Secrets & Stories From Australia's Best Studio Drummers

Remembering Stewie Speer, Studio Drumming Pioneer

Recent posts on Facebook reminiscing about Stewart Speer have inspired this blog about him. As you can read in Stick Figures (which can be purchased at, Stewie was – like many drummers of the 1950’s – freelancing in the Australian jazz scene, and doing some recording with local leaders such as Brian Brown, Bob Barnard and John Sangster.

Drummer Graham Morgan recalls – “His strengths went beyond practice, the type of drums he used or whatever. His time feel – or as they say now, groove – was impossibly good. You could give him a cymbal and let him drop a pencil on it and you knew it was going to make people feel good. I remember thinking that Mel Lewis and Stewie had a lot in common when I saw Mel play for the first time.”

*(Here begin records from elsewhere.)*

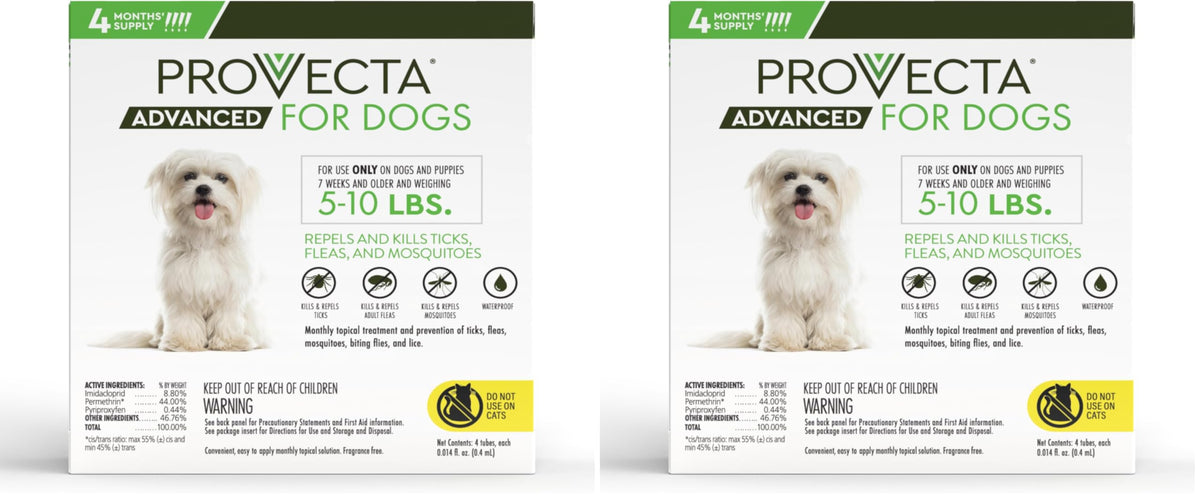 Small 5-10 lb Dog (Pack of 2) T315779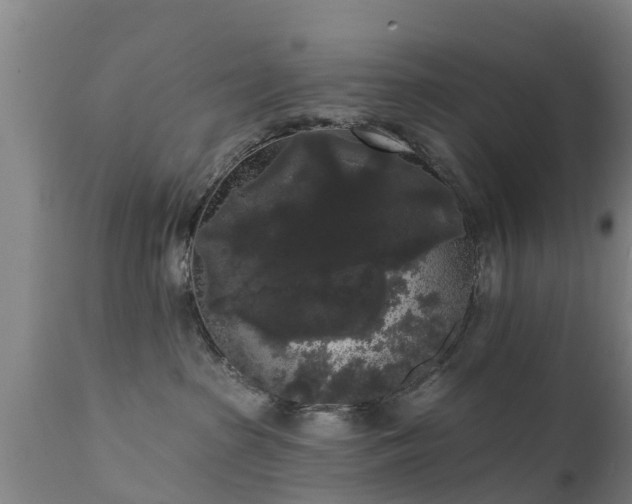 X0000111460285200907201120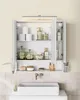 A bathroom medicine cabinet filled with toiletries and accessories, mounted above a sink. Náhled obrázku produktu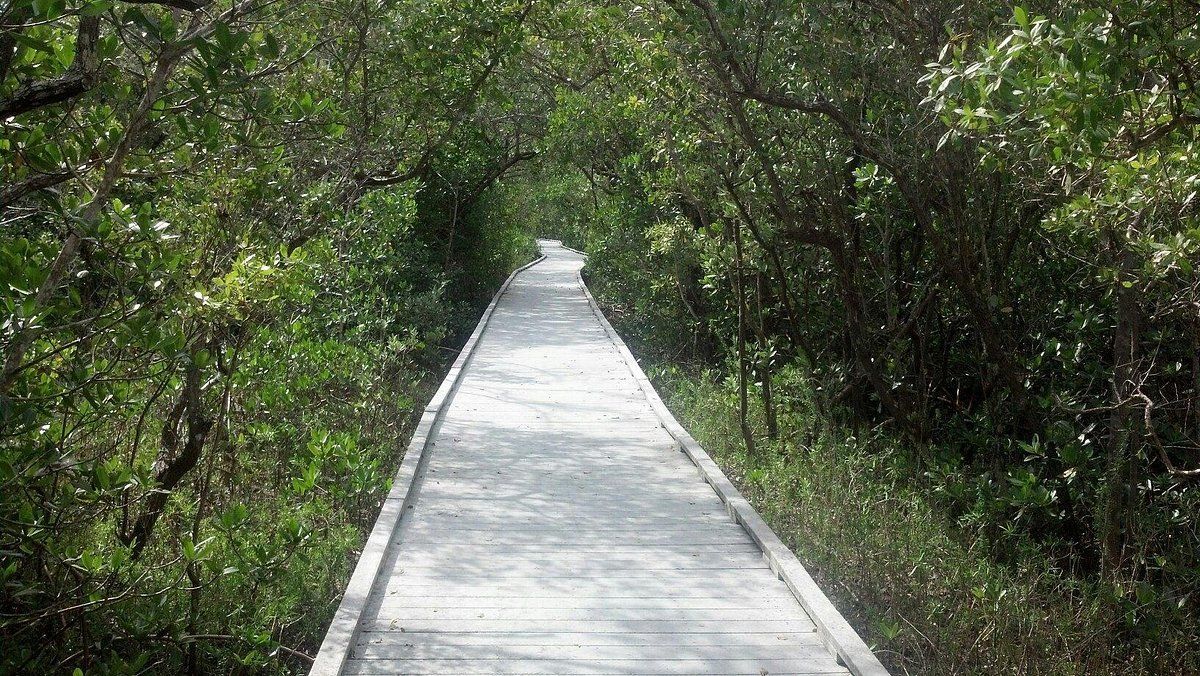 Concrete path through dense green forest foliage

After moving to Sydney, Stewie played lots of gigs with local jazz leaders such as Don Burrows and Roger Frampton. Then he was introduced to R n B /soul singer Max Merritt, and soon became a member of his band, The Meteors. They had a reputation as a hard-rocking outfit. Stewie had to adapt to the new medium. When asked if he had any problems adapting to playing loud R n B with Max Merritt, Stewie replied –

“Not a whole lot because Bob Bertles was in the band, so we used to play a lot of Junior Walker things. Sam and Dave were groovy things anyway. Bass drum was the main problem cause we didn’t have amplification in those days. You could break your foot! Up ’til then I’d spent the time trying not to be a ‘thunderfoot’ and ‘wham’!”

Another recollection comes from Trombonist, Russell Smith –

“Stewie was obviously a progressive player, because he played be-bop back in
the 1950s with Brian Brown. When he switched, it was into soul music or black R’n’B. He had that ‘swing’, and that’s what made it work. It was definitely in that ride cymbal and also in his bass drum. He certainly had a huge great bass drum sound but it wasn’t like he was pummelling on it. I think, for a while after the car accident, he couldn’t use his legs properly. He used to plonk a leg here and here and just play a closed hi-hat. He was still generating that swing, so it must have been on the cymbal. 

Now some observations about the great man, courtesy of Facebook contributors (180 of them commented on this particular post, all positive) –

Bruce PackerI had the privilege of working with Max Merritt and his bands over many years, and Stewart’s was a friendship I treasure. He was a true gentleman in every sense of that word, and a loyal friend to all who knew him. A unique talent and human being. His like will not come again in our life-time. Bob Birtles [Max Merritt’s sax player] summed it up superbly. May Stewie’s memory burn brightly in the years to come. VALE the legend.

Ron Brown “Stewie spent a lot of time with us in the UK ( Cleves/Bitch) we all lived in the the country side in Sussex my sister Gaye ( Cleves/ Bitch) was very fond of Stewie and he was a real father figure to her, he took her to Ronnie Scott’s on several occasions to see Nina Simone, Ella Fitzgerald, and one of his favorite drummers Art Blakley, Gaye’s husband Bill Harman who was in the industry arranged for Stewie to meet him back stage , blew his mind, not to mention his cooking, RIP Stewie”

John James “I know that Max Merritt held Stewie in high esteem given the number of times he would start a song off with “Here’s one for Stewie”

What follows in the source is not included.